▶ TASK TO CARRY OUT
What lines of the material hold the string "sofa"? Pull each of them out.

▶ INPUT RECORDS
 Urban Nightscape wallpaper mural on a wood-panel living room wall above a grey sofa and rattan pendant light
==
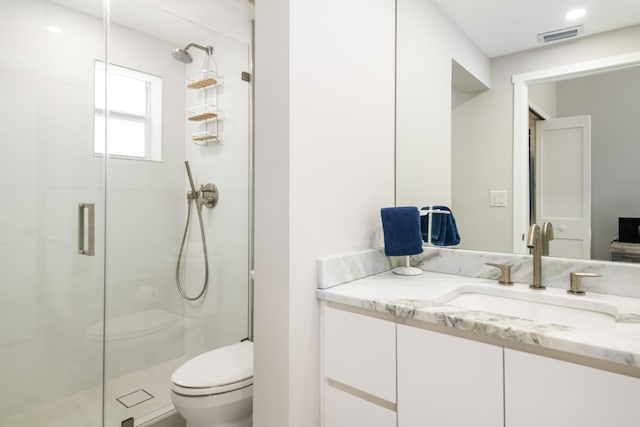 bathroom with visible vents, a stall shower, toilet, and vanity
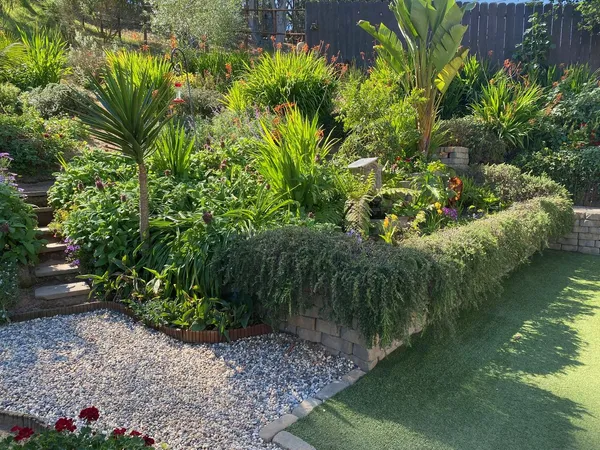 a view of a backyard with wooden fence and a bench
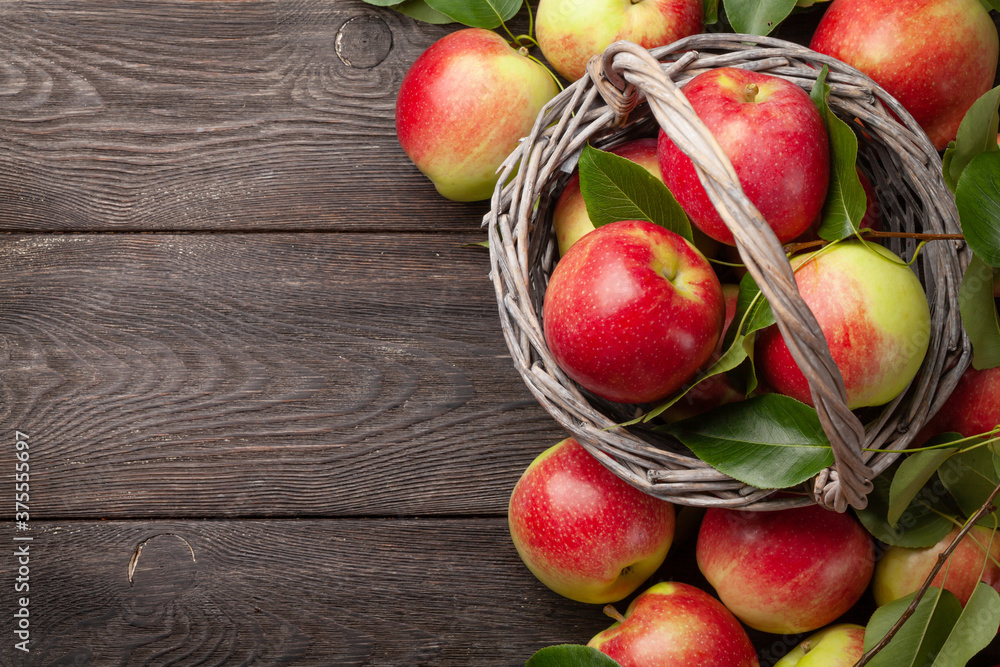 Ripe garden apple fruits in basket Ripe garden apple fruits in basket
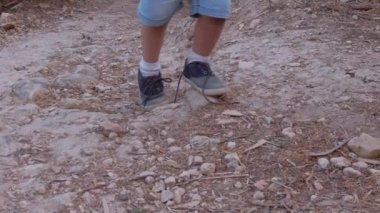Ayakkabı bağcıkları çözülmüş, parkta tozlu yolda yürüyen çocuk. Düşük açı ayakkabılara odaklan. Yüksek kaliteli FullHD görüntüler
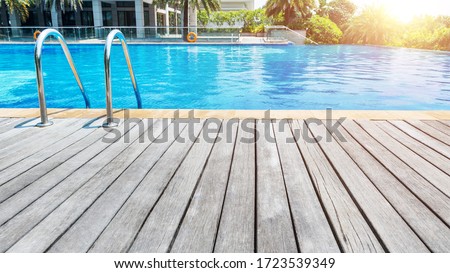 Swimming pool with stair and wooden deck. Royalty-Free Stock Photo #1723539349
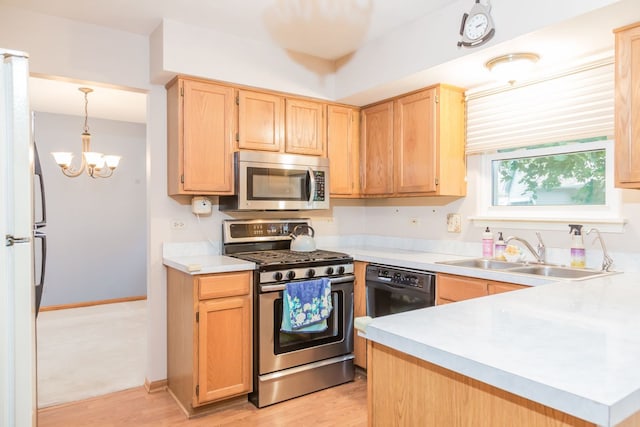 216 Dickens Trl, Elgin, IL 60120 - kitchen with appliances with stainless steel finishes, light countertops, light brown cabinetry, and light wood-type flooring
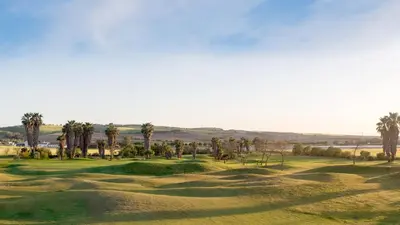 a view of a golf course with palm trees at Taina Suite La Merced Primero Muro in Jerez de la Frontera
...
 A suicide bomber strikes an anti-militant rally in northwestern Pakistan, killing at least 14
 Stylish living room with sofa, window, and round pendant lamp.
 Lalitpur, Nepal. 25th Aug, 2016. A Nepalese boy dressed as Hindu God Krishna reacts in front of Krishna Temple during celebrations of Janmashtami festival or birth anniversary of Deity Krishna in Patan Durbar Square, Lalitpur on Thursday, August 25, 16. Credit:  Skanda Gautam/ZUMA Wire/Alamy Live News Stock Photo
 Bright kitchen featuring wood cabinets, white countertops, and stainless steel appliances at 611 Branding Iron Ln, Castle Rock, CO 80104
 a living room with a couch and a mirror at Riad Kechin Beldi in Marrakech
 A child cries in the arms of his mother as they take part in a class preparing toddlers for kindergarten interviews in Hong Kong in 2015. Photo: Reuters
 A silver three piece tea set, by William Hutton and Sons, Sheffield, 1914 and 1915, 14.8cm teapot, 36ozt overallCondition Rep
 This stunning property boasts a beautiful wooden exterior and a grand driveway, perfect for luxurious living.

▶ WRITTEN ANSWER
 Urban Nightscape wallpaper mural on a wood-panel living room wall above a grey sofa and rattan pendant light
 Stylish living room with sofa, window, and round pendant lamp.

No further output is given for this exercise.